The conversation then turned to the city’s looming budget showdown—characterized as a potential “government shutdown,” a first in Chicago history. But Glennon dismissed the drama as largely theatrical. The dispute between Mayor Johnson and the City Council, he said, centers on a narrow disagreement over a proposed corporate head tax, not on any structural reform that would alter Chicago’s long-term financial trajectory. Whether the city sprints or strolls toward fiscal collapse, he argued, it is “lost” under current leadership.
Proft pointed out that even as the city faces soaring pension costs, declining population, and deteriorating services, a new University of Chicago poll shows majorities of residents want more funding for Chicago Public Schools.
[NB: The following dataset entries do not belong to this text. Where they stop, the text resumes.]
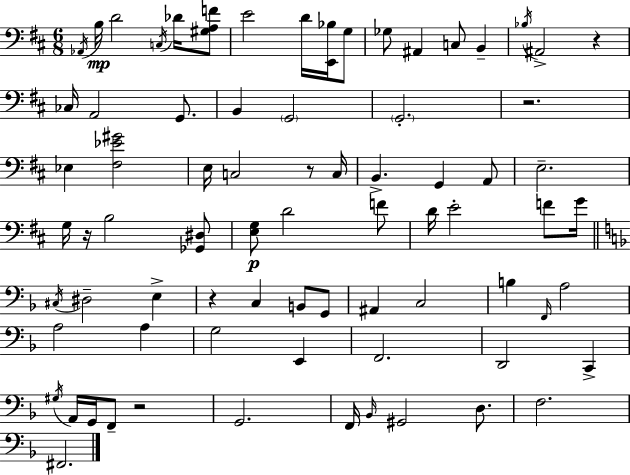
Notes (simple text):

Ab2/s B3/s D4/h C3/s Db4/s [G#3,A3,F4]/e E4/h D4/s [E2,Bb3]/s G3/e Gb3/e A#2/q C3/e B2/q Bb3/s A#2/h R/q CES3/s A2/h G2/e. B2/q G2/h G2/h. R/h. Eb3/q [F#3,Eb4,G#4]/h E3/s C3/h R/e C3/s B2/q. G2/q A2/e E3/h. G3/s R/s B3/h [Gb2,D#3]/e [E3,G3]/e D4/h F4/e D4/s E4/h F4/e G4/s C#3/s D#3/h E3/q R/q C3/q B2/e G2/e A#2/q C3/h B3/q F2/s A3/h A3/h A3/q G3/h E2/q F2/h. D2/h C2/q G#3/s A2/s G2/s F2/e R/h G2/h. F2/s Bb2/s G#2/h D3/e. F3/h. F#2/h. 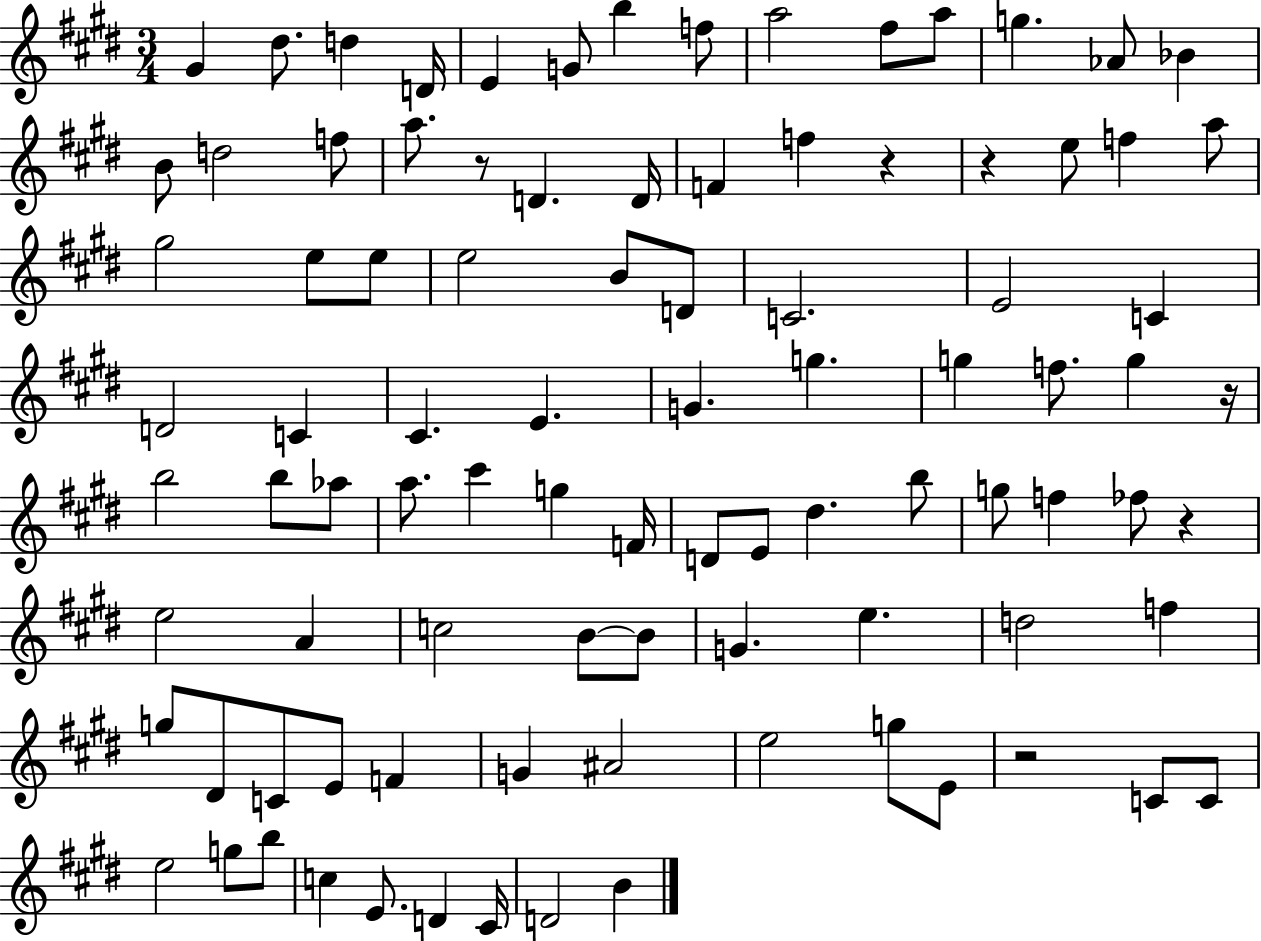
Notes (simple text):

G#4/q D#5/e. D5/q D4/s E4/q G4/e B5/q F5/e A5/h F#5/e A5/e G5/q. Ab4/e Bb4/q B4/e D5/h F5/e A5/e. R/e D4/q. D4/s F4/q F5/q R/q R/q E5/e F5/q A5/e G#5/h E5/e E5/e E5/h B4/e D4/e C4/h. E4/h C4/q D4/h C4/q C#4/q. E4/q. G4/q. G5/q. G5/q F5/e. G5/q R/s B5/h B5/e Ab5/e A5/e. C#6/q G5/q F4/s D4/e E4/e D#5/q. B5/e G5/e F5/q FES5/e R/q E5/h A4/q C5/h B4/e B4/e G4/q. E5/q. D5/h F5/q G5/e D#4/e C4/e E4/e F4/q G4/q A#4/h E5/h G5/e E4/e R/h C4/e C4/e E5/h G5/e B5/e C5/q E4/e. D4/q C#4/s D4/h B4/q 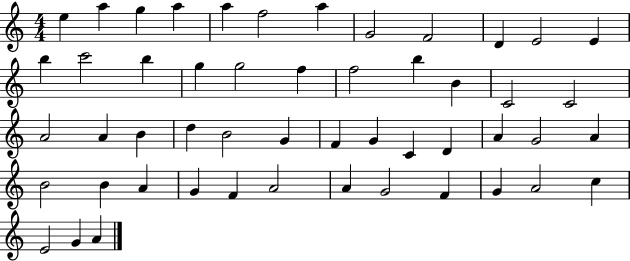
E5/q A5/q G5/q A5/q A5/q F5/h A5/q G4/h F4/h D4/q E4/h E4/q B5/q C6/h B5/q G5/q G5/h F5/q F5/h B5/q B4/q C4/h C4/h A4/h A4/q B4/q D5/q B4/h G4/q F4/q G4/q C4/q D4/q A4/q G4/h A4/q B4/h B4/q A4/q G4/q F4/q A4/h A4/q G4/h F4/q G4/q A4/h C5/q E4/h G4/q A4/q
Support was highest for corporate tax hikes, increased real-estate transfer taxes on properties over $500,000, and even a new city income tax on individuals earning more than $100,000. For Glennon, the numbers reflect decades of messaging that more spending automatically improves outcomes—despite CPS now spending $33,000 per student, more than double what countries like Sweden invest.
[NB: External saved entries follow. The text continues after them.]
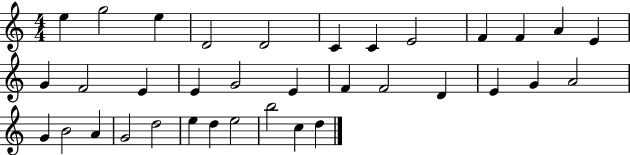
X:1
T:Untitled
M:4/4
L:1/4
K:C
e g2 e D2 D2 C C E2 F F A E G F2 E E G2 E F F2 D E G A2 G B2 A G2 d2 e d e2 b2 c d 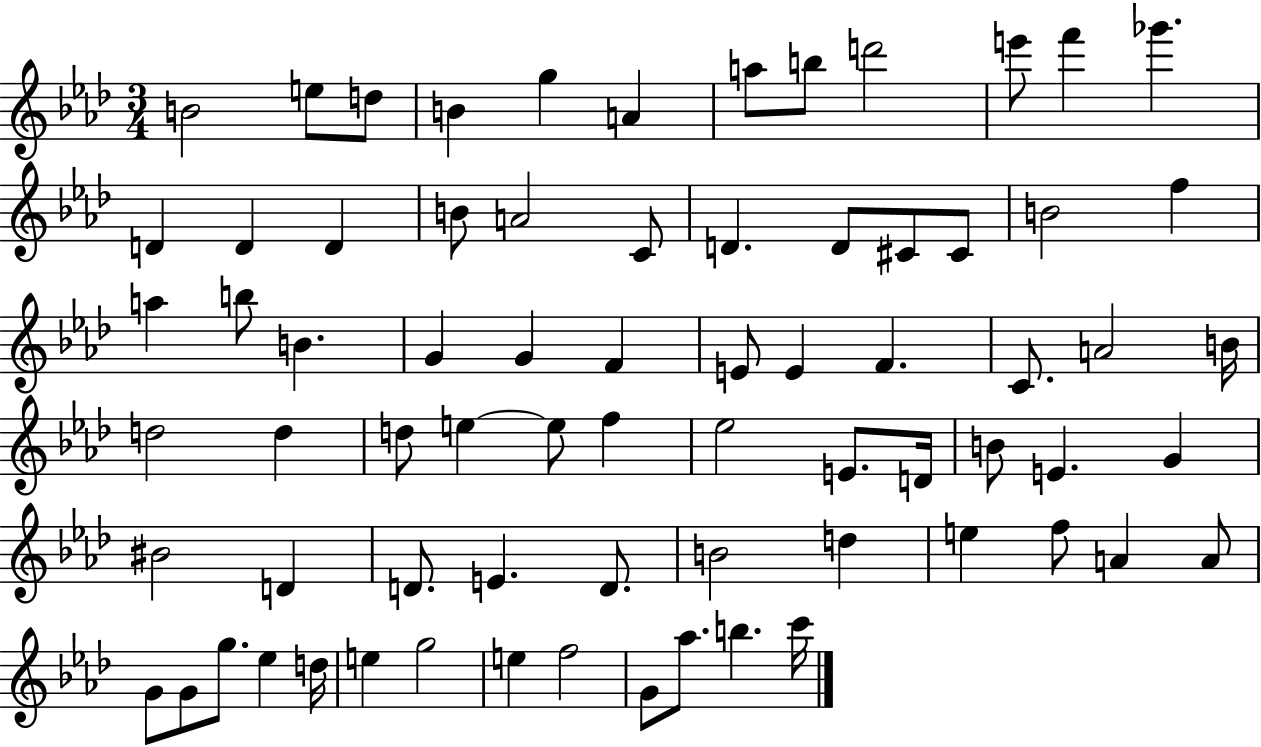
B4/h E5/e D5/e B4/q G5/q A4/q A5/e B5/e D6/h E6/e F6/q Gb6/q. D4/q D4/q D4/q B4/e A4/h C4/e D4/q. D4/e C#4/e C#4/e B4/h F5/q A5/q B5/e B4/q. G4/q G4/q F4/q E4/e E4/q F4/q. C4/e. A4/h B4/s D5/h D5/q D5/e E5/q E5/e F5/q Eb5/h E4/e. D4/s B4/e E4/q. G4/q BIS4/h D4/q D4/e. E4/q. D4/e. B4/h D5/q E5/q F5/e A4/q A4/e G4/e G4/e G5/e. Eb5/q D5/s E5/q G5/h E5/q F5/h G4/e Ab5/e. B5/q. C6/s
Still, Glennon sees a faint glimmer of opportunity in the recent uproar over skyrocketing property-tax bills in neighborhoods like Lawndale, Englewood, and West Garfield Park. Residents hit with 50 to 100 percent tax hikes in a single year are beginning to question long-standing political assumptions, including the Chicago Teachers Union’s outsized influence. Whether that awakening can be channeled into meaningful reform remains an open question.
But the stakes are unmistakable, Glennon said. The city’s budget debate is effectively a fight between progressives and “the head of the progressive caucus”—a choice between accelerating or merely continuing the decline. Meanwhile, leadership in City Hall and Springfield continues to focus on narratives and abstractions while violence persists, police go unsupported, and the city edges closer to insolvency.
For Proft and Glennon, the pattern is unmistakable: until Chicago’s political and media class confronts basic realities, the city’s downward trajectory will continue—no matter how many hours are spent in closed-door budget meetings or how many reporters frame police officers as the primary public-safety concern.